Ты замолчал. Рассказ был закончен.
— Бедный, бедный мальчик… — Слезы текли тихо и неостановимо, и омывали то место, где твоя шея была исколота иглой. — Я заставила тебя пережить это снова. Если б я знала, лучше смирилась бы с твоим криминалом… или пошла воровать на пару с тобой… Все, что угодно…
— Успокойся. Я ведь приходил туда. Раза четыре за все время — когда совсем туго бывало с деньгами. Правда, всегда в ломке. С ломкой это проходило легче.
— Как хорошо, что я не дошла до кабинета…
— Там все помыли и прибрали. Я просил тетку продать квартиру — без нее это сделать не могу, она тоже хозяйка. Но она отказывается. Регулярно ее оплачивает, хотя порог с тех пор не переступала ни разу. Грабанули бы ее, что ли? Чтобы одни пустые стены остались. Тогда и воспоминания так тесно толпиться не будут…
— А эта книга, Оскара Уальда, она ведь оттуда?
— Да. Единственное, что я взял себе. Подарок к моему десятилетию.
Ты снова замолчал. А когда я пошевелилась, попросил шепотом:
— Давай не разговаривать. Лучше заведи музыку. Самое свое любимое.

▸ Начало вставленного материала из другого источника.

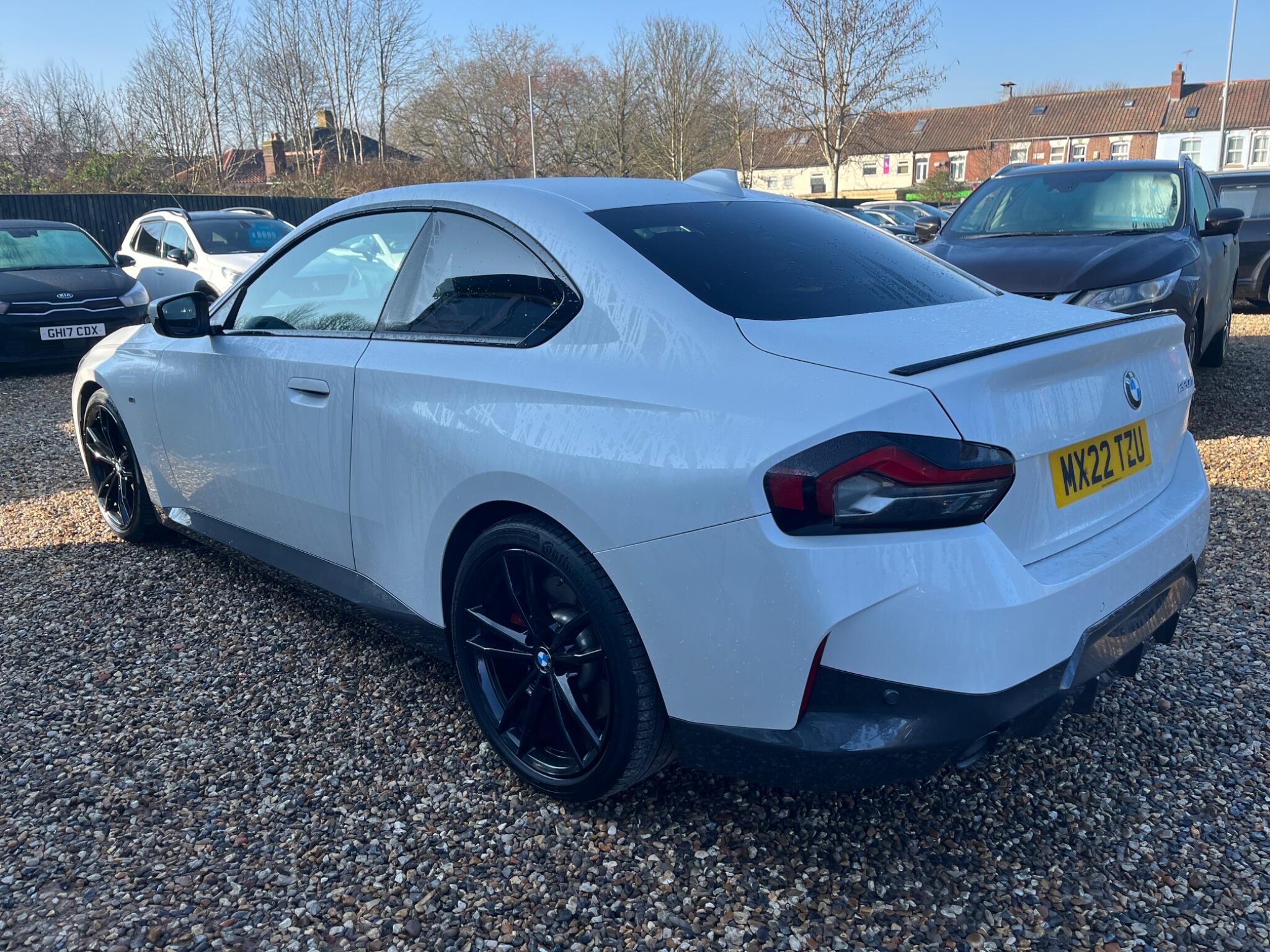 BMW 2 Series view 6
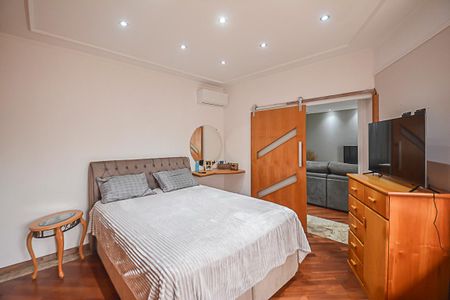 Apartamento à venda com 200m², 3 quartos e 3 vagas Apartamento à venda com 200m², 3 quartos e 3 vagasQuarto 2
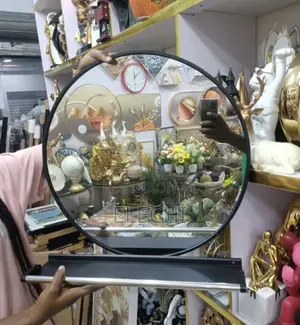 Black Frame Mirror Round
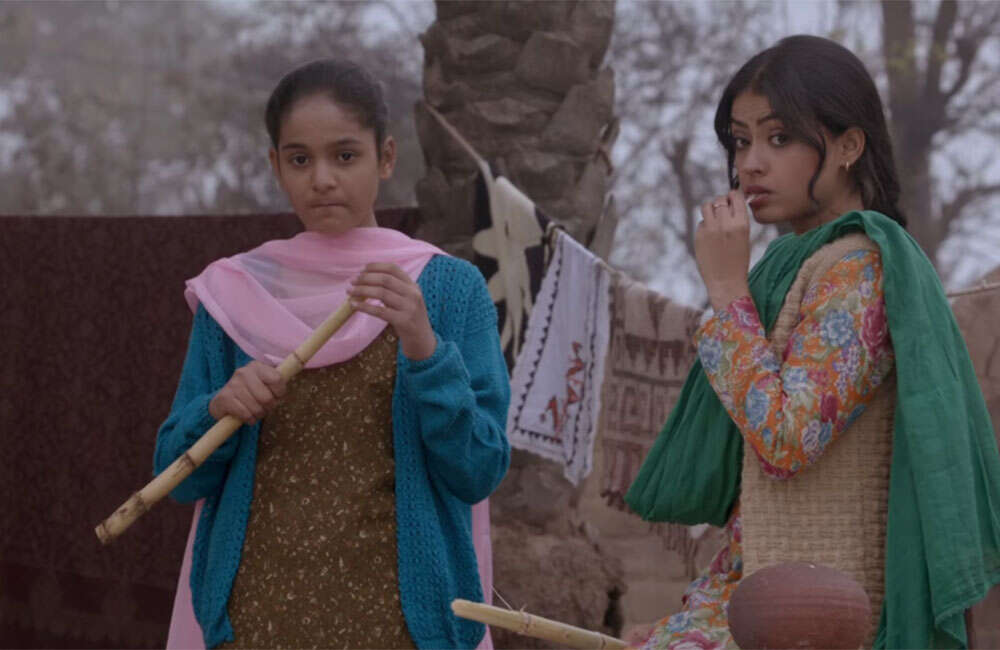 A still from Rabb Da Radio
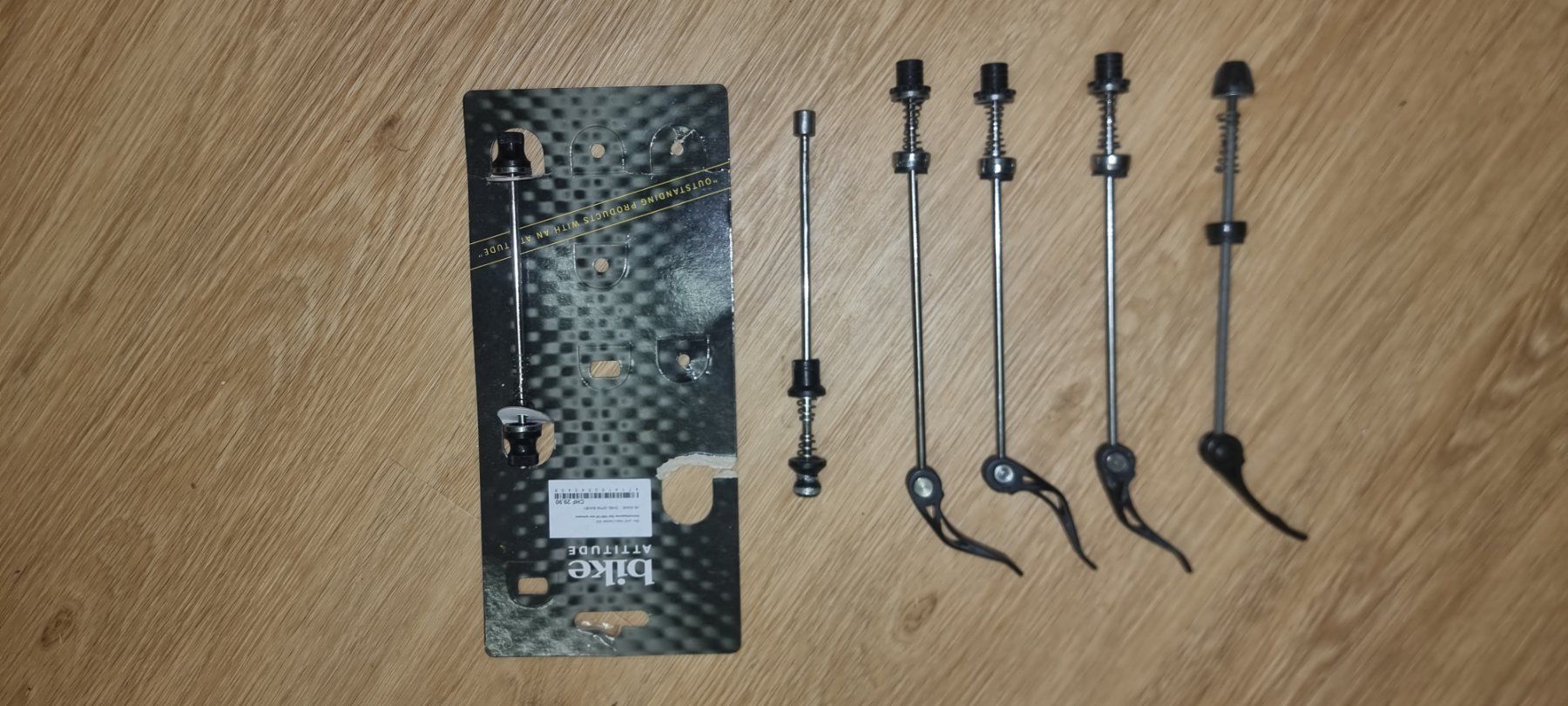 Pièces détachées: Schnellspanner Bike – Neuf (Voir description) à Solothurn par Simuz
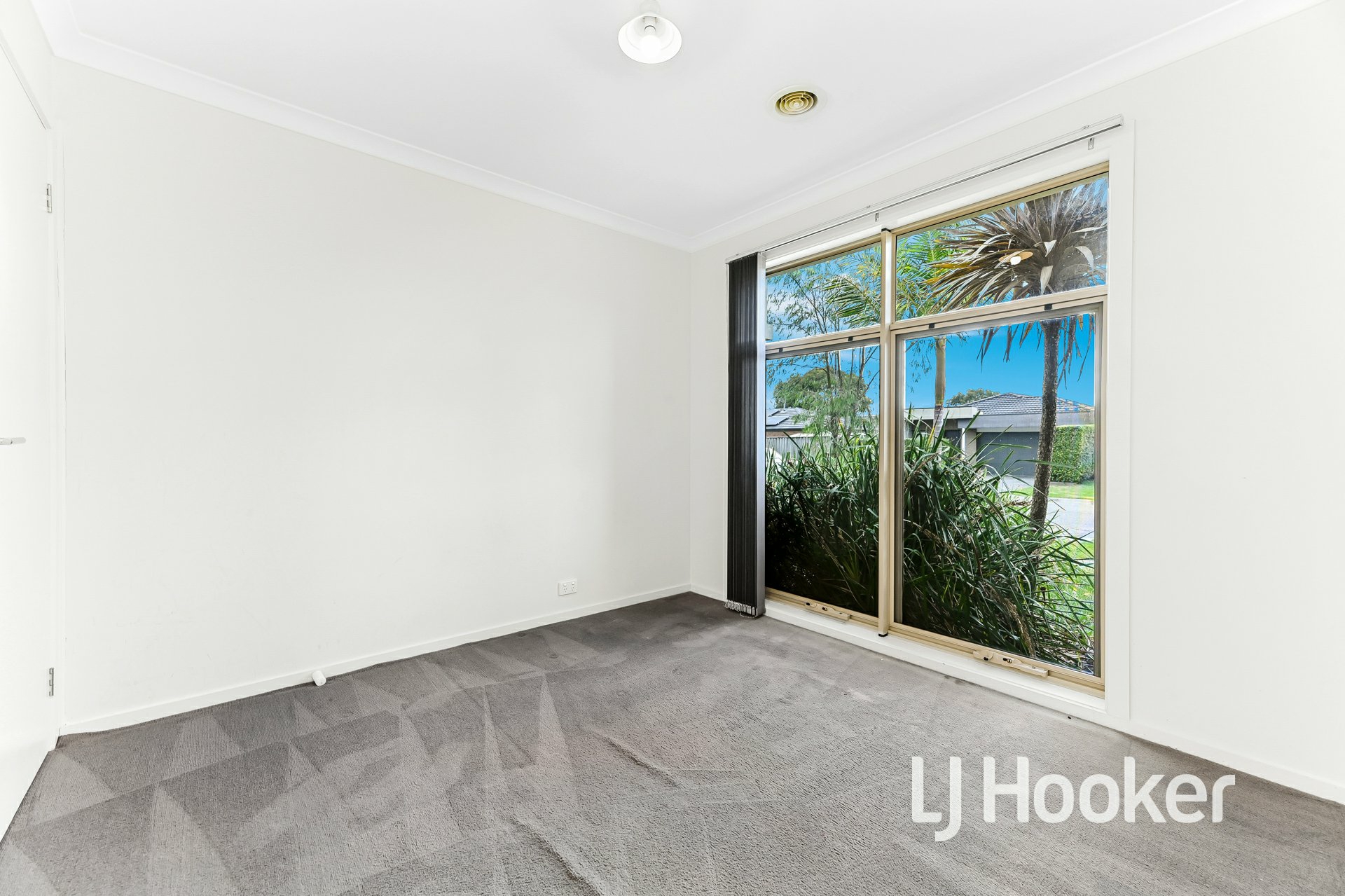 42 Devine Drive, PAKENHAM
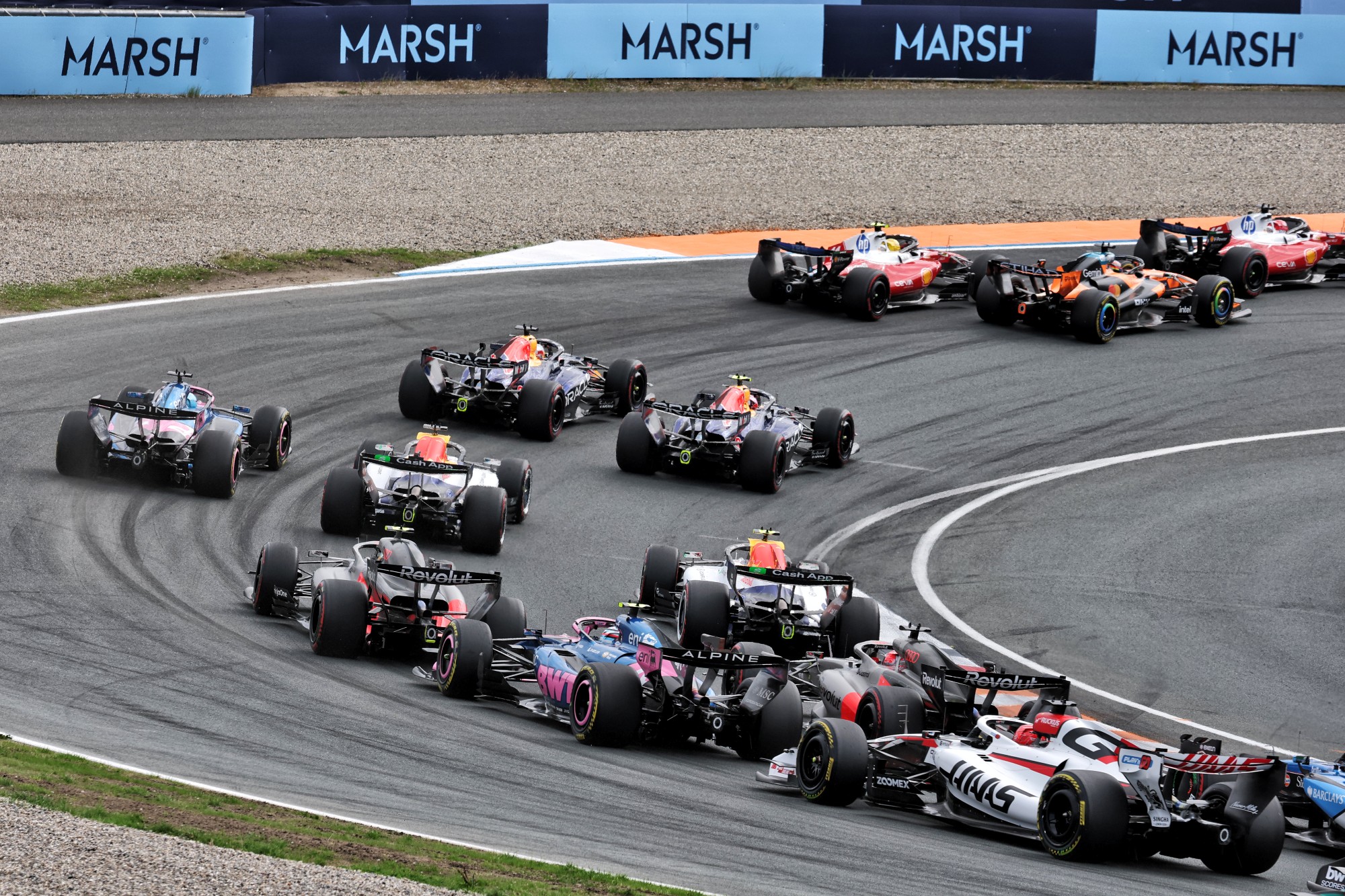 Esteban Ocon (FRA) Haas F1 Team VF-26 at the start of the race.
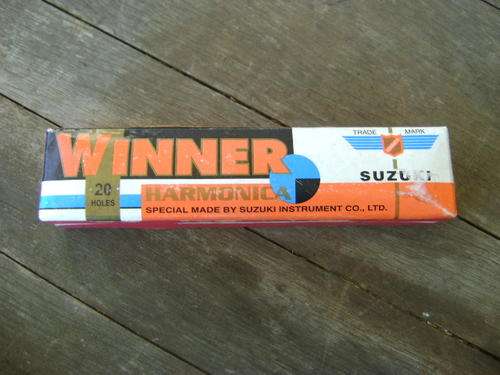 VINTAGE SUZUKI MINT 20 HOLE HARMONICA IN C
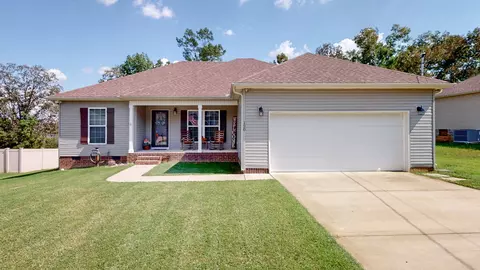 120 Doak St, Shelbyville, TN 37160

И я завела — сборная запись на СД так и называлось "самое любимое". Самым первым было "Дом заходящего солнца".
*** — Почему ты и сейчас молчишь? Ни одного комментария. Все так же больно?
— Нет, уже нет. Сейчас это не имеет такого значения. Просто ты так хорошо рассказываешь, что не хочется ничего добавлять. Неужели и впрямь я выглядел таким жалким и смешным?
— Почему смешным?
— Катался по полу, истерил.
— Ты так легко об этом сейчас…
— У меня сейчас нет прошлого, нет ненависти и боли. Так почему бы не посмеяться?
— Нет, ты не был тогда смешным. Во всяком случае, для меня. Но, может, теперь ты продолжишь? Я выдохлась.
— Как скажешь. ***
Я был полностью опустошен, и мне стало легче. Никому прежде так не открывался, и сейчас, вывалив все на тебя, словно освободился — чуть-чуть, но и этого было достаточно. Свинство, конечно, с моей стороны — ведь то, что ушло от меня, осело в тебе. Природа не терпит пустоты. Далеко не первое и не последнее мое свинство.